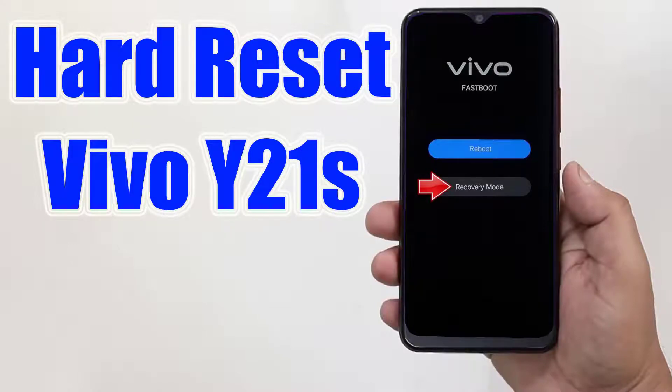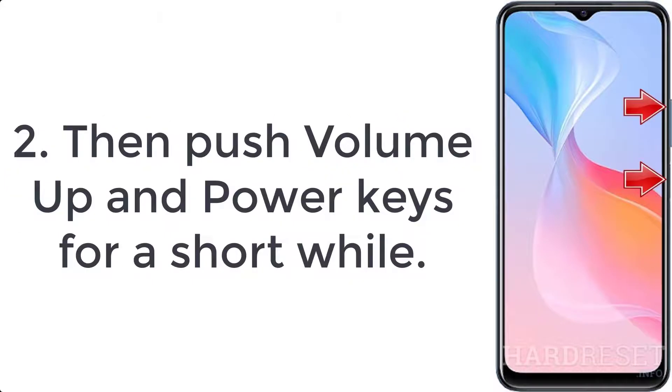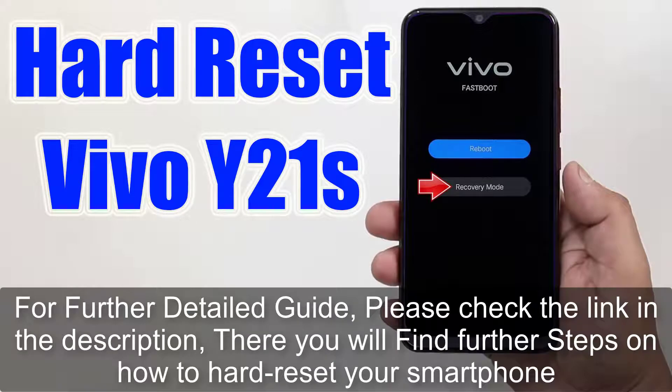How to hard reset Vivo Y21s. Step 1: press the power button for a few moments to turn off the device. Step 2: push the volume up and power keys for a short while. Step 3: let go of all buttons when fast boot mode appears.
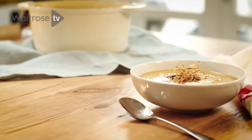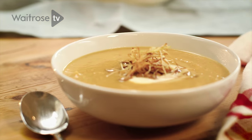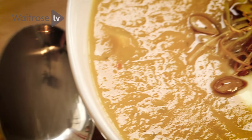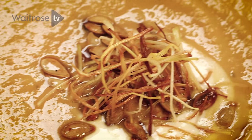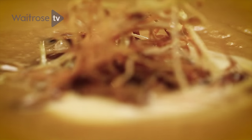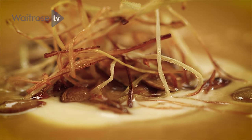When the weather starts to turn a little bit chilly, you can't beat a warming bowl of soup. And when I think of the colours of autumn, pumpkin and squash come straight to mind. So I'm going to roast some squash with some sweet garlic and a little bit of chilli, and then blend that into a silky smooth soup flavoured with rosemary and butter beans.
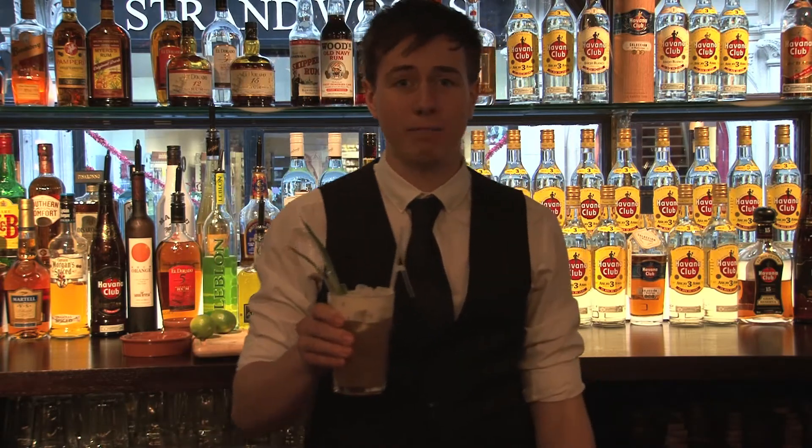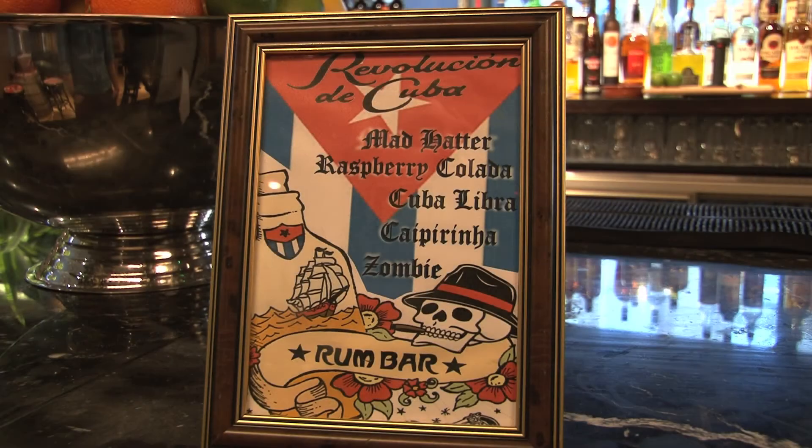Oh, what is that — that has not been made right. Choose your cocktail.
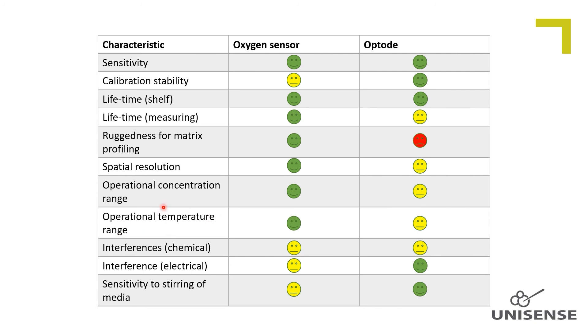Temperature range. For measurements at temperatures above 40 degrees Celsius, we do recommend the amperometric sensor. The dye bleaches faster at high temperatures on the optode, and thus the lifetime of the optode is compromised at high temperatures.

• _Exercise instructions_:
Please copy the data shown above precisely, leaving the images out.

• _Exercise output_:
How to hard reset Vivo Y21s. Step 1: press the power button for a few moments to turn off the device. Step 2: push the volume up and power keys for a short while. Step 3: let go of all buttons when fast boot mode appears.
When the weather starts to turn a little bit chilly, you can't beat a warming bowl of soup. And when I think of the colours of autumn, pumpkin and squash come straight to mind. So I'm going to roast some squash with some sweet garlic and a little bit of chilli, and then blend that into a silky smooth soup flavoured with rosemary and butter beans.
Oh, what is that — that has not been made right. Choose your cocktail.
Temperature range. For measurements at temperatures above 40 degrees Celsius, we do recommend the amperometric sensor. The dye bleaches faster at high temperatures on the optode, and thus the lifetime of the optode is compromised at high temperatures.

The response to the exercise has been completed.